I like the idea of a superhero who helps out but doesn't really care about others. Hancock saves people and stops disasters, but he doesn't make it nice and tidy. He wrecks buildings and he causes traffic jams. It's a nice change from Superman creating fine-tuned order out of chaos. (Watch the scene in Superman Returns where Superman zips around Metropolis during the earthquake, blasting broken glass with his heat vision and catching falling parts of buildings before they hit the pedestrians on the street below. It's cool and only Superman could pull that off, but it's too neat.) Granted, we don't know why Hancock even bothers, but it's nice to see a super-powered person who gets his hands dirty.
The movie could have stayed on that thread--a superhero who needs to reinvent his image, who needs to have a better reputation with the public and answer to the damages he causes.

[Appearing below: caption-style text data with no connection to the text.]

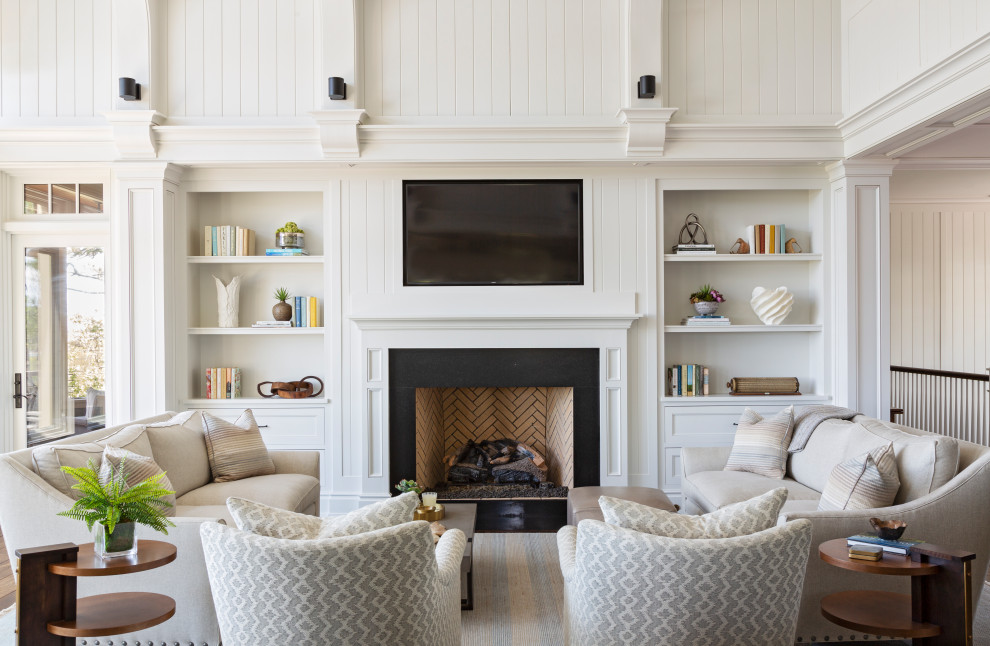 Inspiration for a beach style open concept living room in Charleston with white walls, a standard fireplace and a wall-mounted tv.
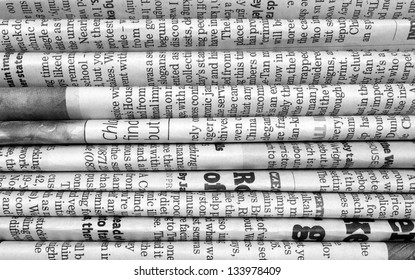 A black and white background of English language newspapers stacked and folded in a horizontal position and viewed in close up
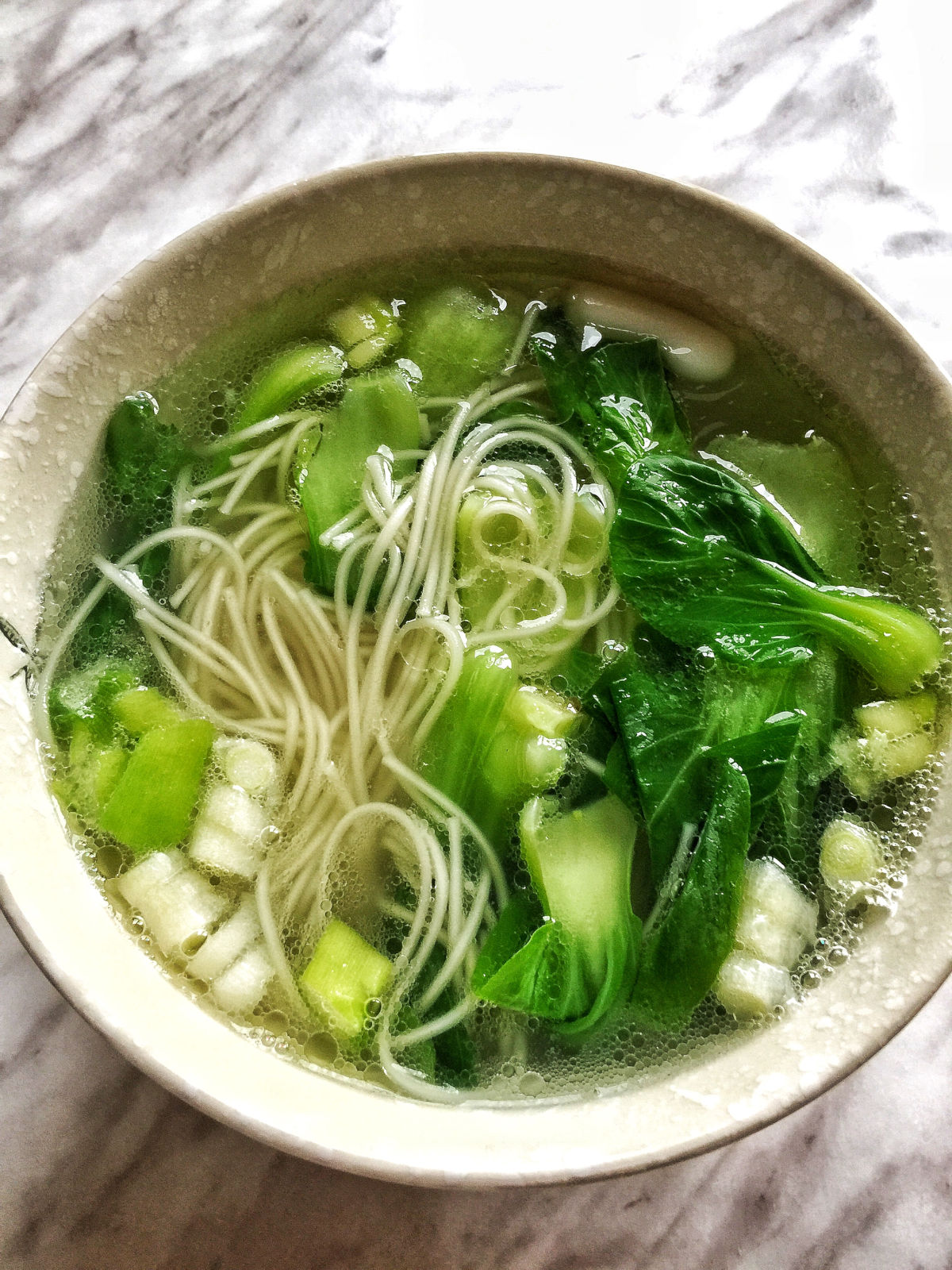 Close up view of a bowl of finished noodle soup.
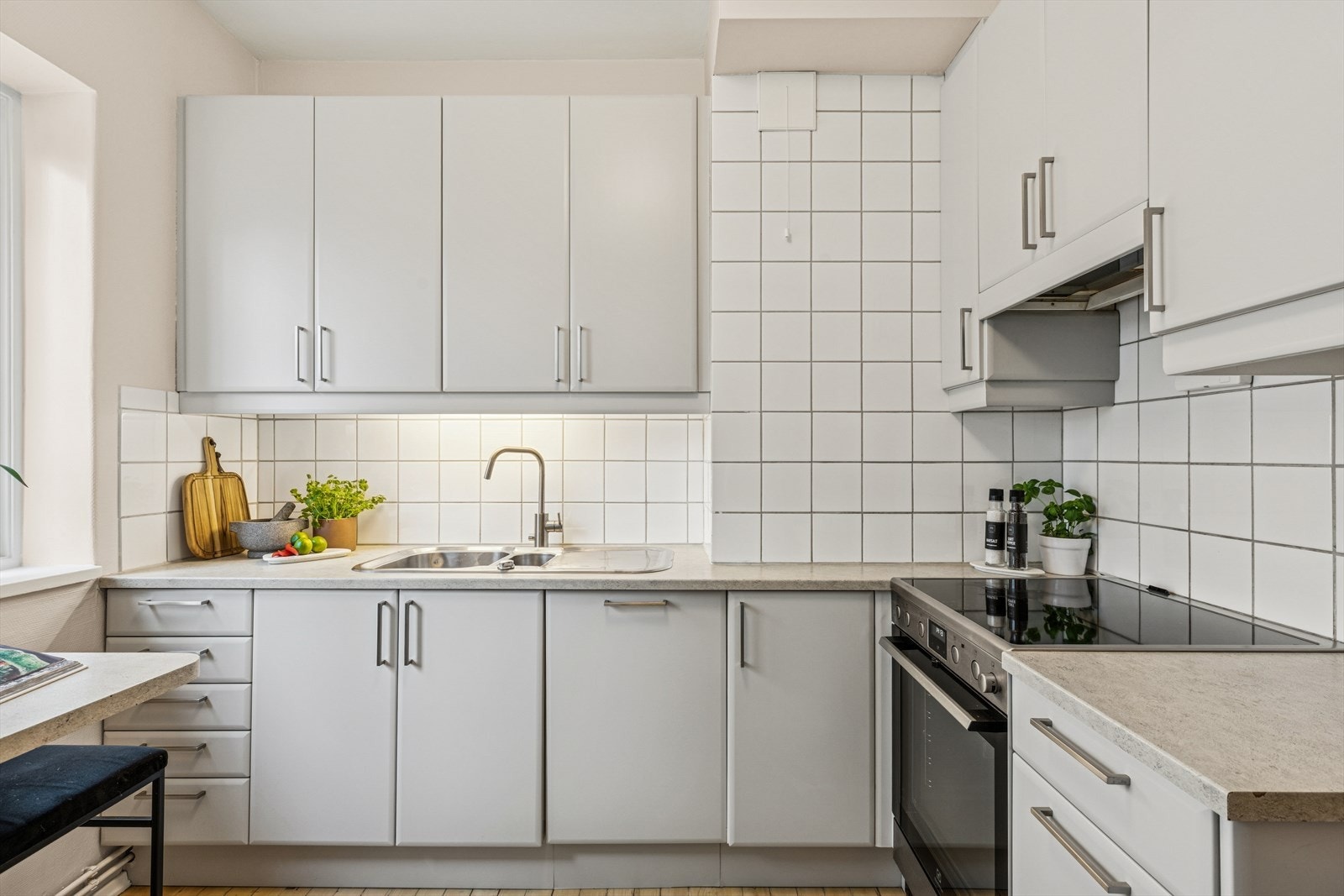 Den robuste laminatbenkeplaten med nedfelt stålkum, kombinert med fliser mellom benk og overskap, gir en tidløs og elegant stil. Galleribilde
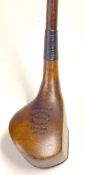 Robertson Carnoustie "Leader" patent no 10989 beech wood brassie: with full one piece integral brass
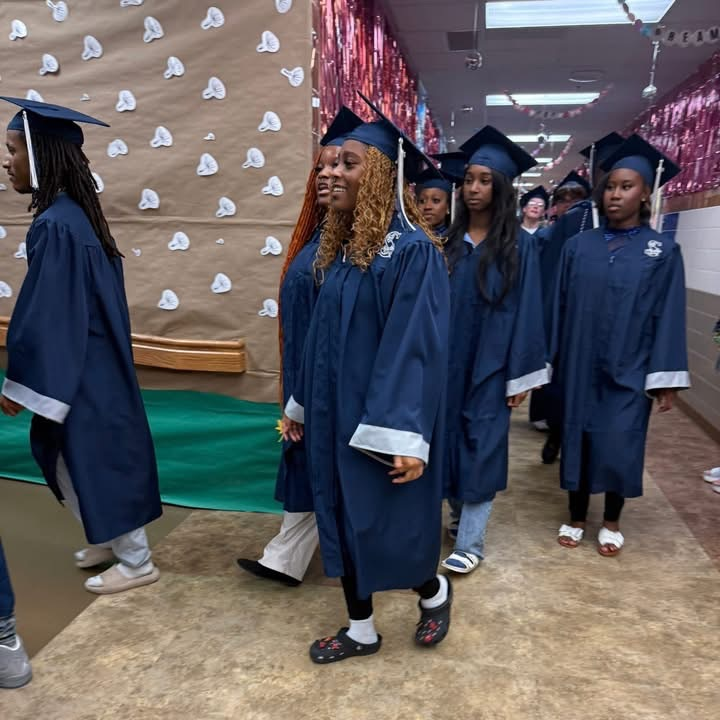 students wearing cap and gown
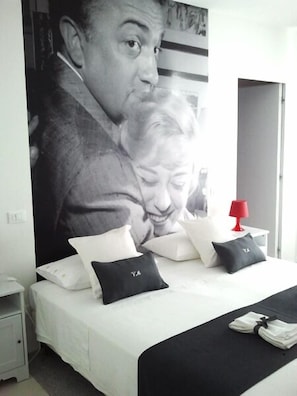 Una camera da letto con un grande poster appeso al muro, un letto con cuscini bianchi e neri, una lampada da comodino rossa e un letto rifatto con copripiumino nero.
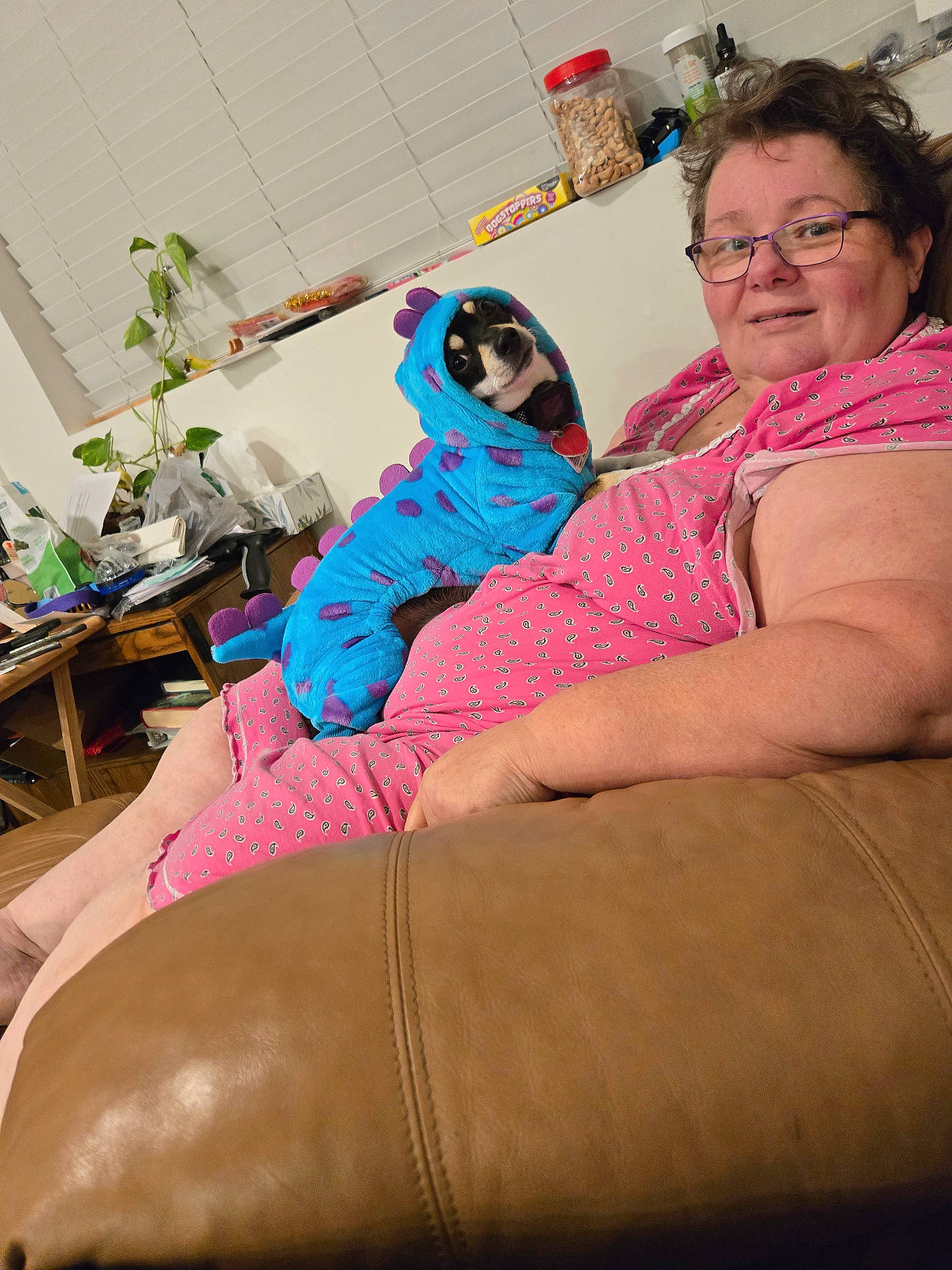 accessories, adult, architecture, bodypart, building, couch, face, female, finger, furniture, glasses, hand, head, indoors, livingroom, person, photography, portrait, room, woman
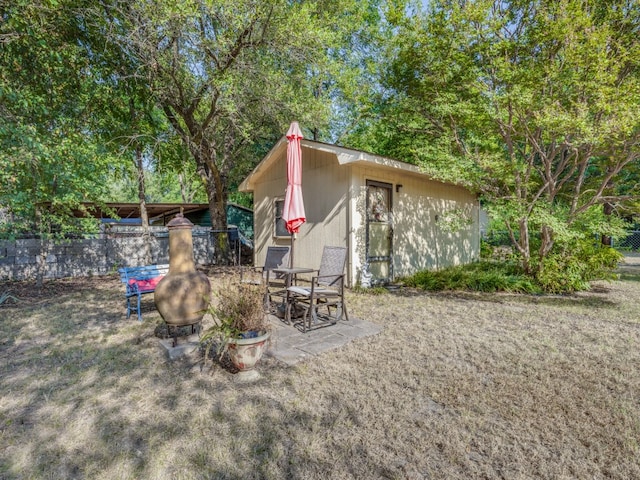 exterior space with a patio and a fire pit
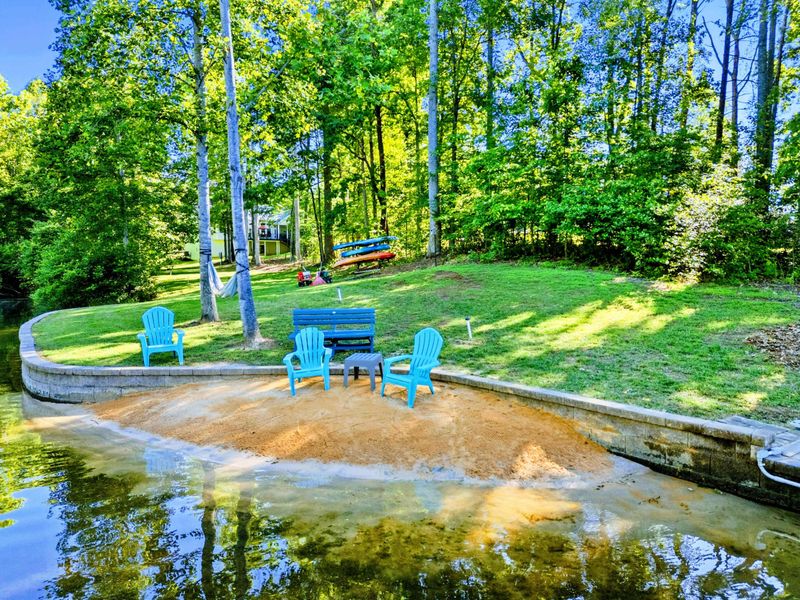 A Quiet Cove for Slow Moments – Let the kids wade while you sink into a chair and enjoy the breeze beneath the trees.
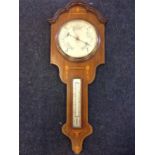 A mahogany barometer by Blooms Ltd, having shaped moulded cornice above a boxwood & ebony floral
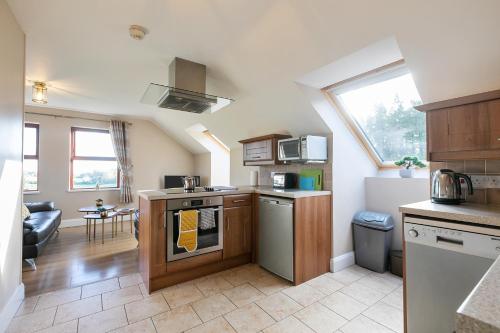 a kitchen with a stove top oven next to a living room at Tollyrose Loft apartment in Newcastle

It's similar to that guy suing Mr. Incredible for saving him when he didn't want to be saved. It can be comical and it's different. It makes you think about how superheroes would function in the real world. Will Smith could have easily pulled that off, but even he couldn't make the rest of Hancock entertaining.
It should have ended with the new and improved Hancock, polite and available to lend a helping hand in his spiffy suit. The movie drags on though. The lame mythos, the soap-opera side-plot between Hancock and Mary (lost lovers with a dash of amnesia mixed in) and the forced sacrifices the characters have to make feel like excuses to have a few fight scenes and blood.
Hancock deserves some credit for a different take on superhero movies, but the last third of the movie should have been cut.